Tuesday, February 8, 2011

Frais & doux

We celebrated Lauris’s six month birthday our first week here in France. The celebration entailed a bottle of wine with dinner (for the parents) and not much else due to all the things happening that week. Being the milestone to start solid food, we might have started a little slowly; a few days later he tasted his first French bread, a few days after that some rice. We continued with the fruit, bananas, apples and pears, and for a few months combinations of the above were the bulk of his “real food” diet. Sure, there were the occasional carrots and peas, but his reaction wasn’t the most favorable and so we stuck mostly to the sweet stuff.

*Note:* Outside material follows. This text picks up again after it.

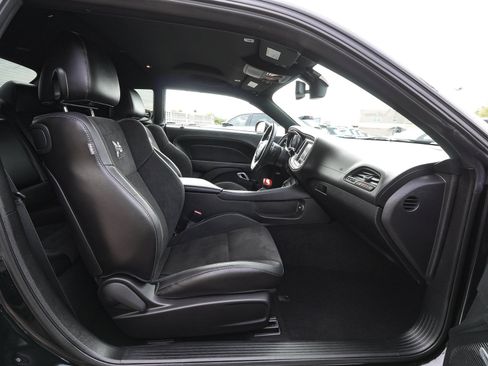 Used 2023 Dodge Challenger R/T Scat Pack RWD image 34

Upon his eight month birthday we started to approach the whole thing a little more seriously, Lauris was eating solids three times a day. The oatmeal and rice were accompanied by some sweet fruit in order to pass the “taste test.” Not-so-sweet veggies made recurring appearances until he finally would accept a few spoons at time. The big addition this month was dairy – he seemed to accept yogurt similarly to oatmeal, as long as there was some fruit to sweeten the deal, it was ok. By now I was buying apples and pears in larger quantities, processing them and freezing little ice cube size portions to eat the following week. As we are still waiting on our vast library of baby books to arrive, we consulted the internet, my parents and friends to find more safe foods to try. Among the suggestions were pureed meats, cottage cheese, sweet potatoes, eggs, well cooked pasta, beans and many more food items I now remembered my younger brother and sister eating (and smearing, throwing, burping up…) when they were Lauris’s age.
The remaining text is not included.